> [Exercise instructions]: Please keep to the lines below from the one with "English Elm Christopher" through the one with "Manta de unicornio", and restate them word for word, ends included.

Caption-style text data
********
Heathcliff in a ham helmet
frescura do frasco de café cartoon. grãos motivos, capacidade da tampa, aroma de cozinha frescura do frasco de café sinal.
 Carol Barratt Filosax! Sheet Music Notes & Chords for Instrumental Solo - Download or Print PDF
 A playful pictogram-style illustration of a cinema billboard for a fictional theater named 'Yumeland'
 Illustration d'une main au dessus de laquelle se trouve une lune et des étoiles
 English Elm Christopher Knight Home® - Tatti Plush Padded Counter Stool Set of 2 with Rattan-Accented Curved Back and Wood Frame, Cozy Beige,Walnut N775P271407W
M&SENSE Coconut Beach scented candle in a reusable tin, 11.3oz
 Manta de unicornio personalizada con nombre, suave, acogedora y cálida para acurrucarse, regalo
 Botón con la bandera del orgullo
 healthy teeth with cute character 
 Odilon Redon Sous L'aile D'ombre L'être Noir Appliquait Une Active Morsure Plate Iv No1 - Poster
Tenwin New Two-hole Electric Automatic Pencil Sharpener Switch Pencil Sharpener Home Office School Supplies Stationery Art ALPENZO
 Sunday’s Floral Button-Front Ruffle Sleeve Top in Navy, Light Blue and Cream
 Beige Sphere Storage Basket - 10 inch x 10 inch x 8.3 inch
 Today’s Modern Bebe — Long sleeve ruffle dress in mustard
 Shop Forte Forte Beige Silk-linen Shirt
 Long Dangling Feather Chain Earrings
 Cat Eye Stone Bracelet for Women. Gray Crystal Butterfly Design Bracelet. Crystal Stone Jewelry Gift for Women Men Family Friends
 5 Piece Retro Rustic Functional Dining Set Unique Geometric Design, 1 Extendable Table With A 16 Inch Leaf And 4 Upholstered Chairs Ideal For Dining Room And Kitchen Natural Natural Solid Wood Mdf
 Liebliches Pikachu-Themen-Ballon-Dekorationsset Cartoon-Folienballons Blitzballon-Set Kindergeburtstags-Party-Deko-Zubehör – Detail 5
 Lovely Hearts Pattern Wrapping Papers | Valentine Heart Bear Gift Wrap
********
> [Answer to this exercise]:
 English Elm Christopher Knight Home® - Tatti Plush Padded Counter Stool Set of 2 with Rattan-Accented Curved Back and Wood Frame, Cozy Beige,Walnut N775P271407W
M&SENSE Coconut Beach scented candle in a reusable tin, 11.3oz
 Manta de unicornio personalizada con nombre, suave, acogedora y cálida para acurrucarse, regalo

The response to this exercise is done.